New research reveals that almost half (42%) of UK knowledge workers are not convinced their IT department is forward-thinking or enables business productivity. Additionally, the data revealed that a significant number of UK employees are opting for outdated IT working practices instead of adapting to a digital work environment, suggesting there is clear progress to be made when it comes to the use of technology in the workplace.
Commissioned by Citrix and carried out by OnePoll, the survey aimed to identify the trends that are impacting the future of the workplace in UK businesses. 1,000 knowledge workers were probed on specific workplace situations including how they access and use a digital work environment, communicate with colleagues and use company data. Respondents were also questioned on their organisation’s IT department and their perception on how effectively they have enhanced productivity through the introduction of digital technology.
Outdated IT working practices
Over a quarter (29%) of respondents confirmed that their colleagues share files in an email attachment, requiring them to create multiple versions instead of one securely hosted file. Worryingly, almost a quarter (24%) of UK knowledge workers also have saved files onto their desktop even though they know it should be hosted in a secure cloud. The main culprits are Millennials, with nearly a third (32%) of those aged between 25-34 opting to save files on their desktop instead of in the cloud.
The data also suggests that outdated working practices have been adopted by those logging on remotely. When working in a station lobby, for example, where the only available internet connection is via public Wi-Fi with little or no protection, 21% of employees would connect to this network despite the potential risks. Furthermore, when ‘on the go’ a third (33%) of respondents would opt to communicate with a colleague via an app such as WhatsApp or Facebook Messenger which has not been sanctioned by the IT department.
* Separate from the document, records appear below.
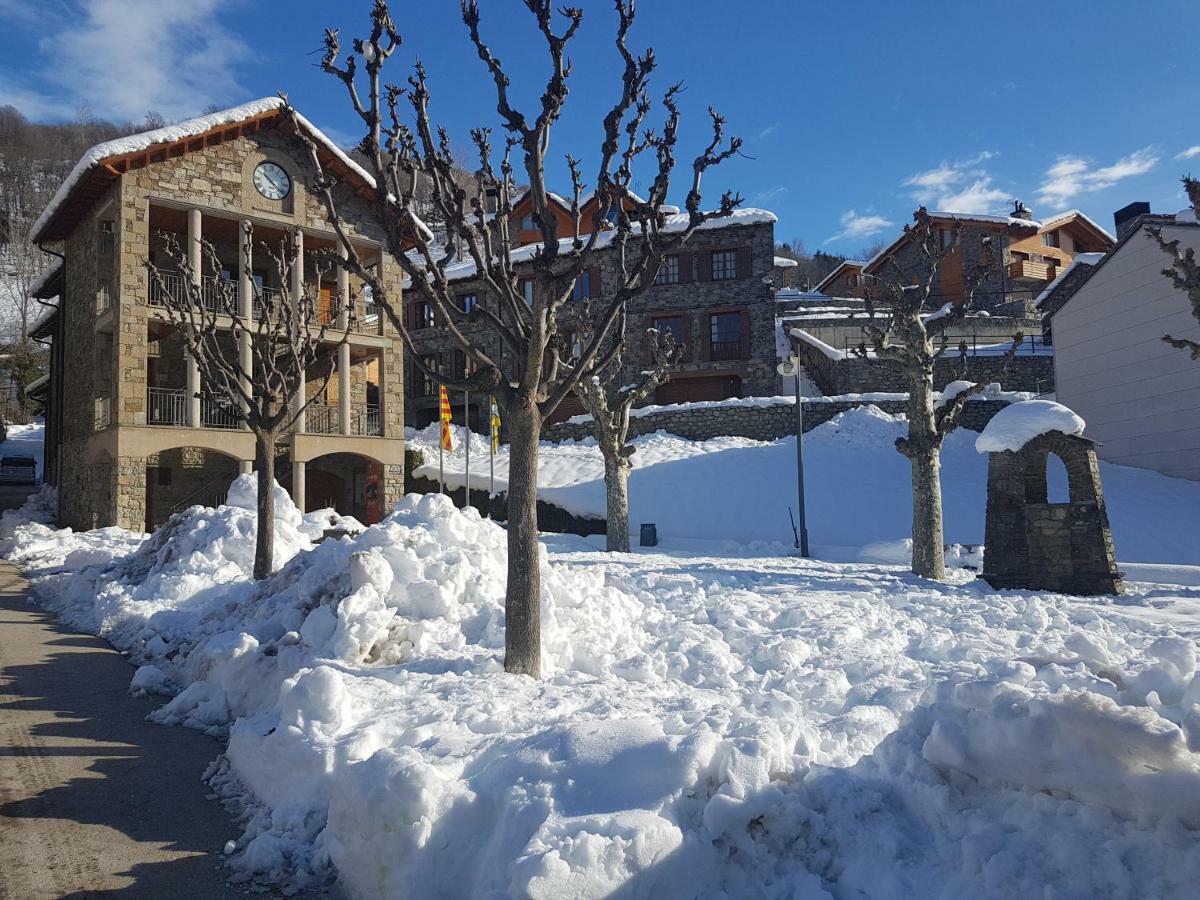 Apartament Torrent De La Barruda Leilighet Vilallonga de Ter Eksteriør bilde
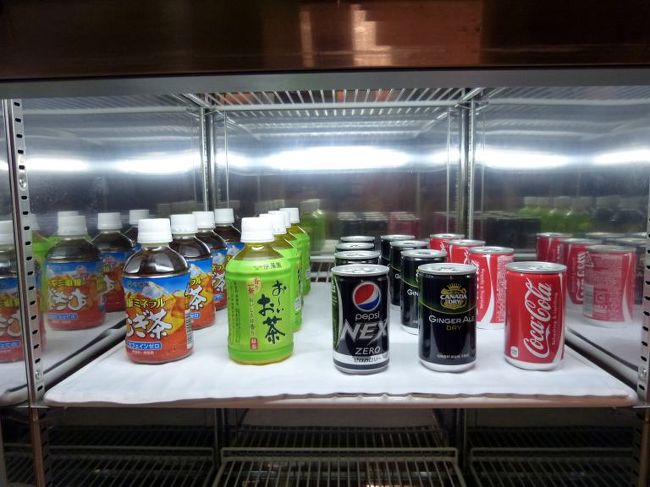 アライバルラウンジの飲物ははソフトドリンクのみのサービスで、アルコール飲料はありませんでした
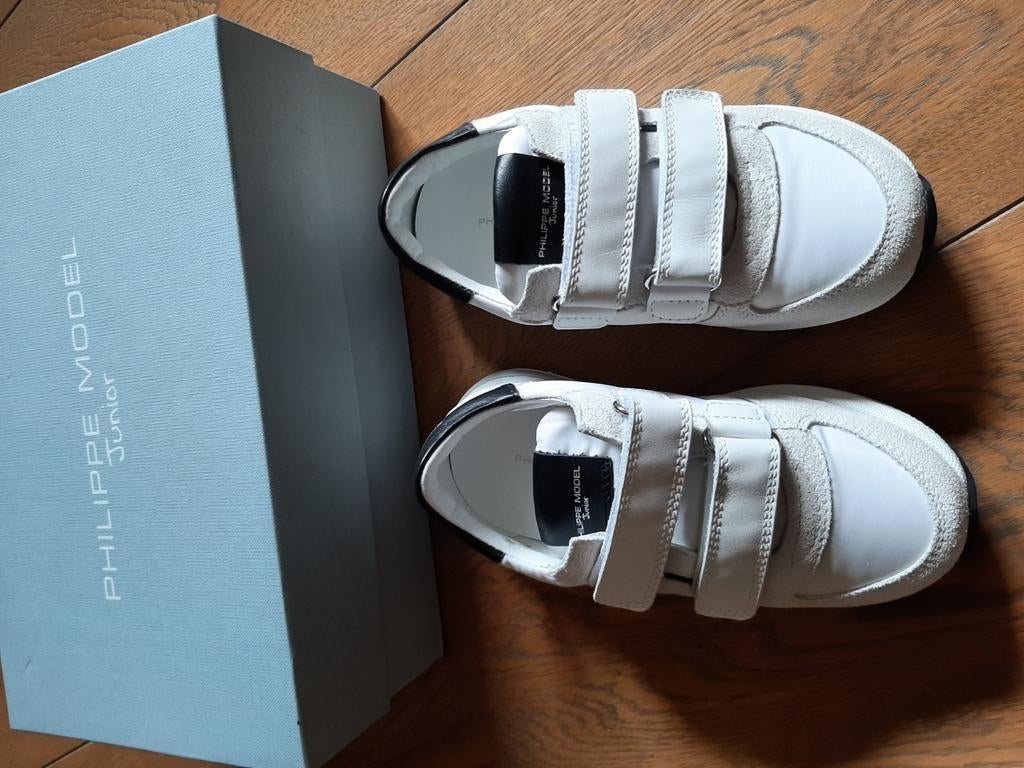 Nieuwe Philippe Models maat 27., Ophalen, Nieuw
The IT-business disconnect
Despite the march of digital transformation, only 29% of those surveyed agree that their organisation’s IT team currently delivers a first-class experience for the business. Additionally, only 24% said they often hear of new technologies and processes being trialled in order to improve working practices.
It is therefore unsurprising that one in five (20%) knowledge workers feel they are ‘not very skilled’ or ‘not skilled at all’ when it comes to using technology to work efficiently. The survey also revealed that 22% of respondents consider their colleagues to be ‘not skilled’ when it comes to using technology in the workplace, with those aged between 35-44 feeling most strongly (24%) that their colleagues lack necessary technological skills.
Encouragingly, almost one in five (16%) employees are willing to attend training to improve their basic tech skills and make the most of their IT environment. A further 27% believed that they would benefit from training in areas such as AI, analytics and predictive technologies to help their company embrace emerging technologies and improve overall productivity.
“Everyone should be able to benefit from developments in technology and working practices while feeling supported and engaged to perform at their best. This requires organisations to ensure the workplace is set up correctly to embrace the multitude of technologies that are available today to improve employee engagement and boost productivity,” said Darren Fields, Regional Vice President, UK & Ireland, Citrix.
“IT leaders must go back to basics, reviewing their people, processes and technology. Up-to-date, fast and performing technology is often the difference between enhanced productivity or limited efficiency. When the workplace is set up correctly, organisations can adjust workplace culture – opening up limitless opportunities for collaboration and innovation.”